If you’re looking to earn money by letting out your property, then you’ll have a number of legal obligations to abide by. Fail to stay on the right side of the law, and you could be faced with hefty fines, and even prison time. As such, it’s a good idea to be aware of those responsibilities, and to fulfil them.
What are the laws surrounding landlords?
There are two major pieces of legislation to be concerned with. The first is the Landlords and Tenants Act 1985, which, among other things, grants tenants the right to know who their landlord is, and to enjoy habitable living space. Specifically, section 10 cites mould, vermin and gas safety as special concerns.
The Housing Act 2004 provides something called the Housing Health and Safety Rating System (HHSRS). Landlords must assess properties for hazards, and repair them before the property is let. If there’s a problem later, and this duty hasn’t been adequately fulfilled, then the legal consequences can be severe.
What responsibilities do landlords have?
The Landlords and Tenants Act puts the onus on the tenant to carry out basic day-to-day maintenance, but the landlord to ensure that the property is habitable. If the boiler breaks down and the property becomes freezing cold, then it’s the job of the landlord to have it fixed. The same goes for installing new radiators in the property in place of faulty ones.
Health and Safety
The property should be safe for the occupants. This means that it should be structurally sound, free from damp and mould, and protected against fire. This means a smoke alarm that’s interconnected, on every floor. In most cases, damp and mould is an issue that will come back if the root cause isn’t dealt with.
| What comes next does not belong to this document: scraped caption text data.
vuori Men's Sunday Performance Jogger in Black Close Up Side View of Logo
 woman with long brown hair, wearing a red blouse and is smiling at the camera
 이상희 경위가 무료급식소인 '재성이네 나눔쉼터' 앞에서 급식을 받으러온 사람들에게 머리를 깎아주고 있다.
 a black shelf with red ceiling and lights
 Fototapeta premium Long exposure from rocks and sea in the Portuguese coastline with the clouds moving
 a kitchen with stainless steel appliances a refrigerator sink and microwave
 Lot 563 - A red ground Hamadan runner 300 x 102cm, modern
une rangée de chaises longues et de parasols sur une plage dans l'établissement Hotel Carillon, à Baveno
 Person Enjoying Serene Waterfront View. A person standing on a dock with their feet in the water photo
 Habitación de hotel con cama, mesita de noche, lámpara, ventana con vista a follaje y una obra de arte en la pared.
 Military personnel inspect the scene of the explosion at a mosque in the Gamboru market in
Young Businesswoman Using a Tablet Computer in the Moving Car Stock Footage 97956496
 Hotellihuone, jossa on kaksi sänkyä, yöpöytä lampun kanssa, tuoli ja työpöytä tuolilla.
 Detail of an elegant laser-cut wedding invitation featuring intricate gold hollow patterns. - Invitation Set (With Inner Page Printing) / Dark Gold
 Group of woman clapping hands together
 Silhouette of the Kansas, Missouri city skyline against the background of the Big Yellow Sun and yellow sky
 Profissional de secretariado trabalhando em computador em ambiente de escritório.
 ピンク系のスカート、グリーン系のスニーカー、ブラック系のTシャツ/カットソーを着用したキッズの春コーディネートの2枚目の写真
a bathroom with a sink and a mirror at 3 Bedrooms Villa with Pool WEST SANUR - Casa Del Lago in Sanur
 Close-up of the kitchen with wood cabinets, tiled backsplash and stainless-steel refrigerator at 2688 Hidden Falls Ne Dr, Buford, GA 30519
In the long-term, it’s a good idea to secure the goodwill and cooperation of the tenants, since dealing with mould can take multiple visits – and it’s best to be proactive.
You’ll need to pay tax on the properties you’re renting out. You’ll get a tax-free allowance of £1,000, meaning that for the first thousand you earn, you don’t need to pay anything. If you’re earning between £1,000 and £2,500, you’ll need to declare it. If you’re going to be earning more than that, then you’ll need to report it on your Self Assessment tax return. You’ll also need to pay Class 2 National Insurance if your profits run in excess of £11,908.
It’s a good idea to factor these expenses into your plans early on, rather than being surprised by them later.
What are the penalties?
So, what happens when you fail to live up to your legal responsibilities? The likeliest outcome is probably a civil dispute between you and the tenant you’ve wronged. This could result in a compensation payout that’s proportionate to the damage suffered. You might even find that your license to operate is revoked.
If you fail to pay the tax you owe, then you could find yourself faced with criminal charges, which could result in jail time or a very large fine. If you’re worried about this, or you want to make sure that you’re on the right side of the law, then it might be worth getting an accountant – or a specialised property lawyer – onside.